Case ID: a2d_493/html/1053-01.html
Source: Caselaw Access Project
Author: {"author": "McKUSICK, Chief Justice.", "license": "Public Domain", "url": "https://static.case.law/"}
Date Created: 2024-08-24T03:29:51.129683

In re JO-NELL C.
    Supreme Judicial Court of Maine.
    Argued May 1, 1985.
    Decided June 10, 1985.
    
      Nancy D. Metz (orally), Fairfield, for plaintiff.
    Carmen L. Coulombe (orally), Dept, of Human Services, Legal Div., Augusta, for defendant.
    William Laney (orally), Skowhegan, Guardian ad litem.
    Before McKUSICK, C.J., and NICHOLS, ROBERTS, VIOLETTE, GLASSMAN and SCOLNIK, JJ.

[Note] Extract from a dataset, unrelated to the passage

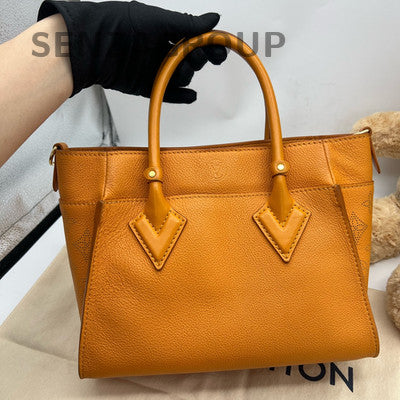 Louis Vuitton Orange Handbag with Gold Buckle - Classic & Stylish Women's Bag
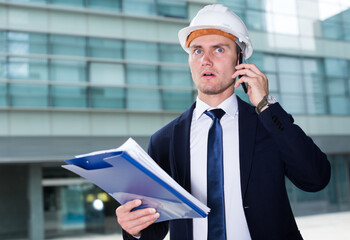 Architector in suit and hat is taking folder and considering project by the phone near the building.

   McKUSICK, Chief Justice.

In this appeal from a child protection order, we are faced with the narrow question of the constitutionality of the procedure used by the District Court judge for the presentation of the testimony of a sixteen-year-old girl who allegedly has been sexually abused by her own father. Asserting a violation of his due process rights, the father challenges his exclusion from the courtroom during the girl’s testimony. We reject that challenge and affirm the transfer of custody from the father to the Department of Human Services (DHS).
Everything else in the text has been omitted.